CZ Denies Hyperliquid Ties, Reaffirms Binance Transparency
Binance founder Changpeng Zhao (CZ) reaffirmed the exchange’s commitment to transparency and user protection, emphasizing that Binance invests hundreds of millions from its own funds to safeguard customers. He clarified that Binance has no investment or control over Hyperliquid, despite its CEOs past participation in a Binance incubation program and denied any involvement in market manipulation — reinforcing Binance’s stance on integrity and accountability in the crypto space.

Binance Pays $283M After Crash, BNB Hits Record High
Following one of the most volatile trading days in crypto history, Binance announced a $283 million compensation plan for users affected by losses from token depegging and platform issues. The exchange’s move came after extreme market turbulence triggered $19 billion in liquidations across exchanges, with Binance accounting for $2.3 billion. Despite the chaos, BNB surged 17% to a new all-time high of $1,355, reflecting renewed investor confidence in the exchange’s resilience. Binance also pledged system improvements and tighter risk controls to prevent future incidents, reinforcing its commitment to transparency and user trust.

Trump Tariffs Spark $10B Crypto Crash, Bitcoin Inflows Surge
President Donald Trump’s announcement of higher tariffs on Chinese imports sparked intense volatility across global markets, triggering one of the largest sell-offs in cryptocurrency history. Nearly $10 billion in leveraged crypto positions were liquidated as Bitcoin and Ethereum prices plunged. However, the turmoil also fueled record trading activity in Bitcoin funds, with institutional investors pouring billions into crypto as a hedge against geopolitical and economic uncertainty. This surge pushed Bitcoin fund volumes to historic highs, underscoring its growing role as a preferred asset during global market turbulence.

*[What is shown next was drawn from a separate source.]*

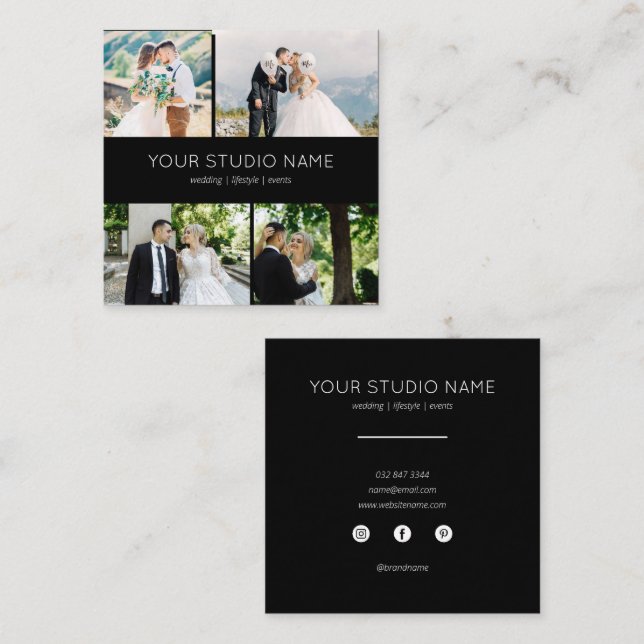 Custom 4 Photo Minimalist Photographer Black Square Business Card (Front/Back)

Trump’s $870M Bitcoin Investment Revealed
Forbes reports that former U.S. President Donald Trump now owns approximately $870 million worth of Bitcoin, making him one of the world’s largest individual holders. His position is held indirectly through Trump Media & Technology Group, which purchased around $2 billion in Bitcoin, with Trump owning 41% of the firm. This marks a major shift from his earlier crypto skepticism in 2019, when he criticized Bitcoin as “highly volatile.” Now, Trump has embraced digital assets as part of his financial and political strategy, integrating crypto into his media ventures and signaling broader support for blockchain innovation through policy and public endorsements.

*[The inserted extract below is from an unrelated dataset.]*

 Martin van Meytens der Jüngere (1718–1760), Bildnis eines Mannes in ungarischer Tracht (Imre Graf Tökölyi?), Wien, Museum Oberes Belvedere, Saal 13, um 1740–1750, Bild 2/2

Crypto Market Wiped Out as Trump Doubles China Tariffs
The cryptocurrency market suffered its largest-ever liquidation, exceeding $19 billion, after former U.S. President Donald Trump announced a 100% tariff on Chinese imports, triggering widespread panic and a global market sell-off. Within 24 hours, over 1.6 million traders saw their leveraged positions wiped out as Bitcoin, Ethereum, and major altcoins plunged sharply. Bitcoin dropped over 12%, briefly falling below $102,000, while Ethereum lost around $4.4 billion in liquidations. Analysts attributed the crash to cascading forced liquidations and heightened fears of a renewed U.S.–China trade war, warning that continued geopolitical tensions could fuel further volatility across both traditional and digital markets.

Crypto.com CEO Calls for Probe After $20B Crypto Market Crash
Hyperliquid led the recent wave of crypto liquidations with over $10.3 billion wiped out, followed by Bybit with $4.65 billion and Binance with $2.41 billion, according to Coinglass data. Known for its high leverage of up to 50x and whale trading activity, Hyperliquid’s decentralized structure has amplified risks during market volatility, triggering massive position losses — including multimillion-dollar LINK and BTC trades. The event highlights the dangers of excessive leverage and the need for stronger risk management tools, as even small price swings can cascade into billions in forced liquidations across exchanges.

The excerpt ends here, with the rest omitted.